Por Nuno Ramos, 54, artista plástico e escritor.

"Há tempos venho tentando responder ao convite para escrever nesta página três. O jornal me propôs vários temas, mas nunca me senti preparado para dar conta de nenhum. Então resolvi escrever sobre o que não sei, mas suspeito.

Suspeito que o tema primordial e decisivo da sociedade brasileira sempre tenha sido, e seja ainda, a violência. A vida no Brasil nunca valeu muito. Hoje vale ainda menos. Giramos em torno disso como um animal preso ao poste. Suspeito que o sentimento de agoridade que nos caracteriza faça fronteira com essa violência. Suspeito que precisaríamos, como contraponto, de maior lentidão e inércia.

Perto da violência, suspeito que tudo saia do lugar. Noções como alto e baixo, direito e esquerdo, bem e mal, certo e errado se confundem. Por estar em toda parte, suspeito que esse tema aproxime-se, entre nós, do impensável, e que traga em seu DNA, como esses vírus de mutações constantes e velozes, alguma coisa metamórfica que sempre se transfigura e escapa.

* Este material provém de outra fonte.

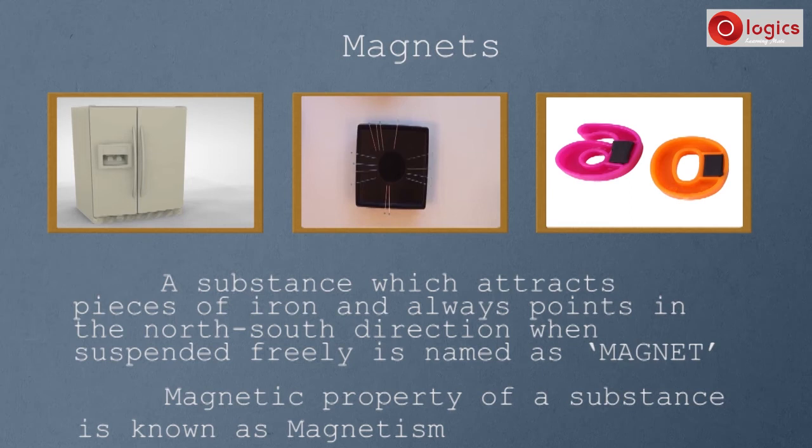We discovered our first magnets inside a refrigerator door, a pin holder, and inside toys. But when was the very first magnet discovered by humans?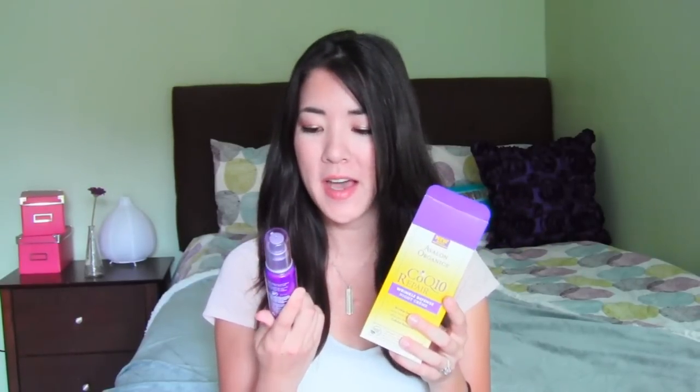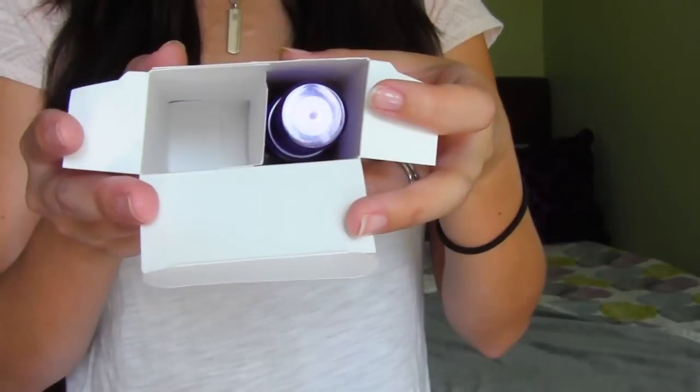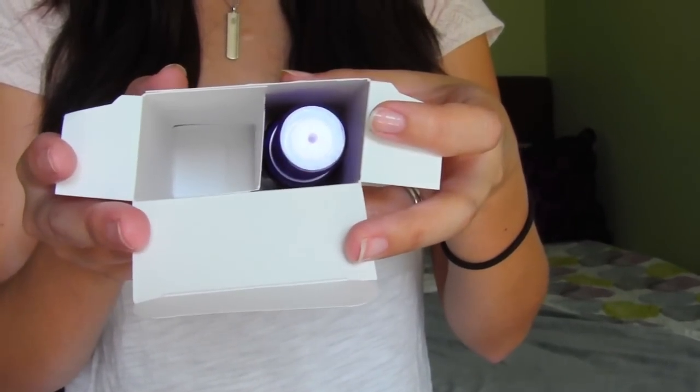I just have to show you guys the packaging on this product because it is so ridiculous. This is the Avalon Organics CoQ10 Repair Wrinkle Defense Night Cream and it's supposed to both prevent and fight wrinkles. It came in this box which is twice the size of the product — they just left half of the box totally empty. I mean, what am I supposed to do with this space? Store a snack in there for later? Anyway, despite the ridiculous box, I do like the bottle — it's a nice solid glass bottle — though the product smells a little bit metallic. I'm definitely going to try it out and see how it does.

Suspeito no entanto que haja um vínculo estreito entre violência e burrice urbana. Além de morar em São Paulo, andei recentemente por Salvador, São Luís, Manaus, Natal –suspeito que sejam, todas elas, cidades apodrecendo sob o sol. Quarteirões tombados tombando, de um lado; prédios totalmente desconectados da cidade (além de feios), sem cota nem propósito urbano, de outro. Suspeito que entre o Iphan (Instituto do Patrimônio Histórico e Artístico Nacional) e a especulação imobiliária uma curiosa aliança esteja aos poucos se fazendo –ruínas orgulhosas copulando com despautérios azulejados de 30 andares.

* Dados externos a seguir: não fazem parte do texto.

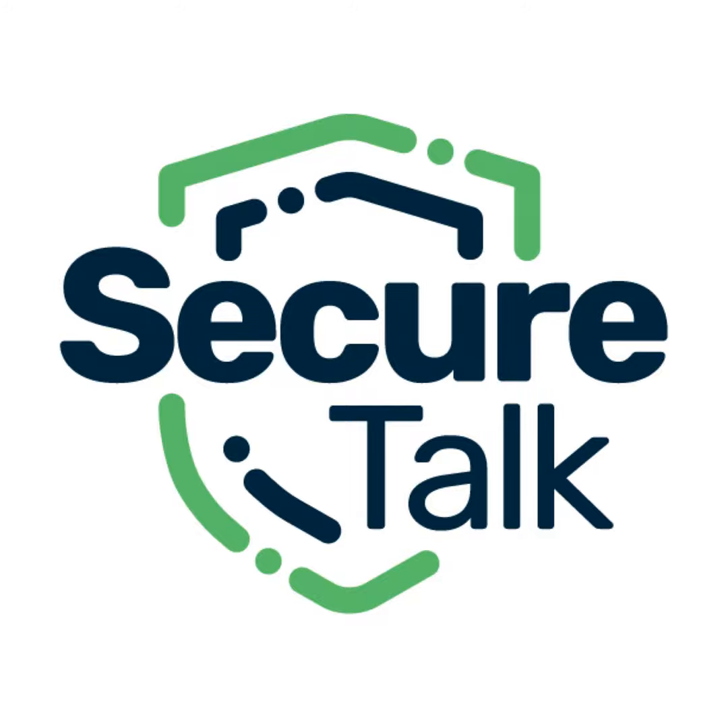Hello everybody, welcome to SecureTalk. My name is Mark Schreiner, and I'll be your host for this episode. Today we're going to be talking with Yasser Ali, who is the co-founder and CEO of Polymer. Polymer is a no-code platform that prevents sensitive data leaks across SaaS apps such as Google Drive, Slack, Microsoft Teams, and Zoom, without slowing down an organization's operations.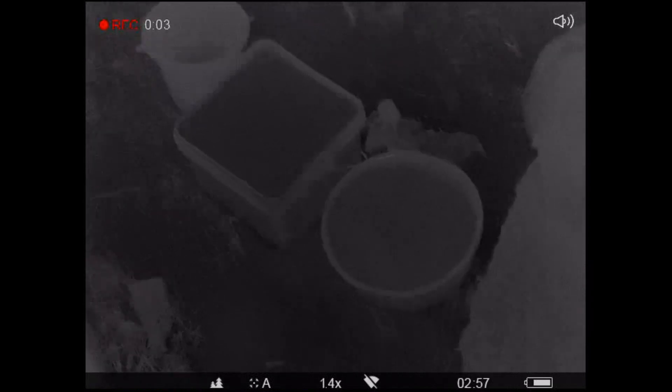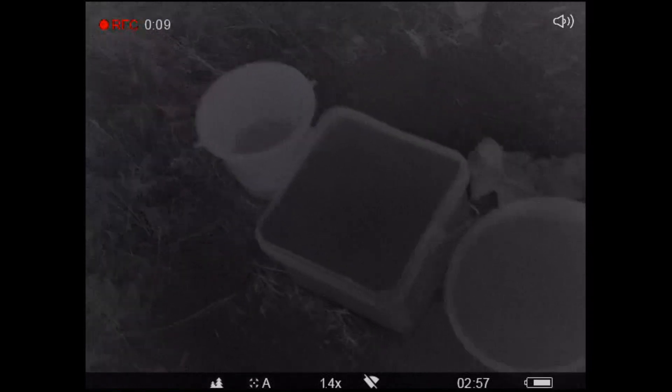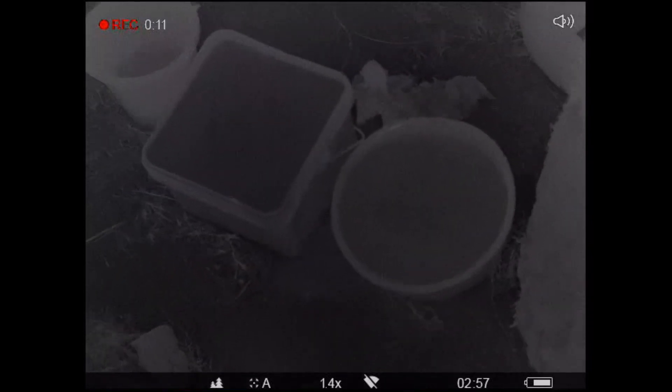I've had some questions on how water images, so since we've got rain right now, this is a perfect time. Those are buckets that are full to the brim with water, and there's a puddle.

Suspeito que cada detalhe desses grandes centros urbanos esteja em situação igualmente trágica. Suspeito, por exemplo, que quase todas as praias em cidades desse porte tenham ficado estreitas, comprimidas contra um muro de arrimo. Como não podemos mais transportar o paredão dos egoístas (a expressão é de Le Corbusier) cem ou 200 metros no sentido da montanha, suspeito que será preciso aterrar o mar para termos novamente praias em escala decente. Suspeito que muitas vezes as piadas que fazemos com os portugueses se apliquem a nós.

Suspeito que a indústria cultural brasileira seja também ela violenta. Assisti a Luciano Huck "modernizando" a ximbica de um espectador. Vi esse espectador chorar, depois mover os braços como se quisesse abraçar os joelhos do apresentador. Suspeito que isso seja cruel. Suspeito que isso seja cretino.

Suspeito que o tropicalismo tenha naturalizado nossa indústria cultural até um ponto sem retorno, e que o ciclo de conquistas democráticas provenientes dessa operação tenha já se encerrado há décadas. Suspeito que perceber o tiquinho de crueldade que haveria em atirar bacalhau nas pessoas não faça mal nenhum ao país; surpreender um ríspido sargento no modo como Ivete Sangalo dança e canta também não. Suspeito que acessar algo de ridículo no "Jornal Nacional" –a falsa intimidade da dupla, seu balé de rostos virando para a câmera, a ruga na sobrancelha de William Bonner, como um aluno estudioso se preparando para começar uma prova, a gostosíssima Patrícia Poeta descrevendo, e ainda mais com esse nome, a chegada de um tsunami ou terremoto de nove graus na escala Richter– seja uma conquista nacional relevante. Suspeito, no entanto, que nessa área caminhemos para uma verdadeira hagiografia, unilateral e coletiva (daí o esforço, essencialmente religioso, de controlar biografias).

Suspeito que a falência do caríssimo estado brasileiro esteja maquiada por uma espécie de chantagem inconsciente –com uma distribuição de renda como a nossa, sem ele seria ainda pior. Suspeito que esse raciocínio seja imobilista e refém de si mesmo, e que tenhamos perdido completamente qualquer medida de eficiência que permita cobrar o Estado como um prestador de serviços (com a morte galopante da Política, suspeito que seja nisso que ele venha se transformando).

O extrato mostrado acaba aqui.